*** Opening of DATASET RECORDS ***
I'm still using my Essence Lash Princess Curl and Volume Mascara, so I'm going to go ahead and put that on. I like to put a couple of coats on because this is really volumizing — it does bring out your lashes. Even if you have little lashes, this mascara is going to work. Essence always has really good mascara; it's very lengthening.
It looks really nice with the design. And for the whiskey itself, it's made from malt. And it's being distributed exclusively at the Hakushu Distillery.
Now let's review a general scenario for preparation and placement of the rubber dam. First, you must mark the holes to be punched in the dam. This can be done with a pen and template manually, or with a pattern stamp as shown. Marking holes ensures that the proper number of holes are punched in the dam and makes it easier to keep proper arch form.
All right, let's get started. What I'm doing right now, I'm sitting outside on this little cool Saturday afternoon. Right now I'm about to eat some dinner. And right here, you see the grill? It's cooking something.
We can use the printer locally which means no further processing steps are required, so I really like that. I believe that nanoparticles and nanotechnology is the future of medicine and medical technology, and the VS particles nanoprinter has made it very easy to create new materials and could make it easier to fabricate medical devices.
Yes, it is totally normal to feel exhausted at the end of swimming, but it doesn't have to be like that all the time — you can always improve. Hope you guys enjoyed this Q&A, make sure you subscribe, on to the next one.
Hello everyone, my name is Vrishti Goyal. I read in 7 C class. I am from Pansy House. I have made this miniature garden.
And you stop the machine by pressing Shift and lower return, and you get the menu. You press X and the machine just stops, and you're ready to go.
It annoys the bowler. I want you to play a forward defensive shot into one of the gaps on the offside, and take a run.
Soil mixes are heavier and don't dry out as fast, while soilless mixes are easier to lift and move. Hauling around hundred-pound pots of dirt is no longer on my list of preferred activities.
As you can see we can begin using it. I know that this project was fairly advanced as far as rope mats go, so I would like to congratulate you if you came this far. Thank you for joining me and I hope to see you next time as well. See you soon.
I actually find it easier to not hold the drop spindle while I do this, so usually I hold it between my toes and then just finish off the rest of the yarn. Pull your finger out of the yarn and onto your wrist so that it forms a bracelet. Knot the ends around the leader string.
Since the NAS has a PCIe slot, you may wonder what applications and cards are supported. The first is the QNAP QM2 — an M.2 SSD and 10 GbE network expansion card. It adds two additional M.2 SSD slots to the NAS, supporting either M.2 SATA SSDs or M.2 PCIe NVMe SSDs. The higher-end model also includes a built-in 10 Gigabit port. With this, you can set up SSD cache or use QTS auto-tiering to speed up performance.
*** Close of DATASET RECORDS ***
--- ASSIGNMENT ---
Reproduce, with no other lines, the run of lines that begins with the one containing "I actually find" and ends with the last line of the material.

--- YOUR SOLUTION ---
I actually find it easier to not hold the drop spindle while I do this, so usually I hold it between my toes and then just finish off the rest of the yarn. Pull your finger out of the yarn and onto your wrist so that it forms a bracelet. Knot the ends around the leader string.
Since the NAS has a PCIe slot, you may wonder what applications and cards are supported. The first is the QNAP QM2 — an M.2 SSD and 10 GbE network expansion card. It adds two additional M.2 SSD slots to the NAS, supporting either M.2 SATA SSDs or M.2 PCIe NVMe SSDs. The higher-end model also includes a built-in 10 Gigabit port. With this, you can set up SSD cache or use QTS auto-tiering to speed up performance.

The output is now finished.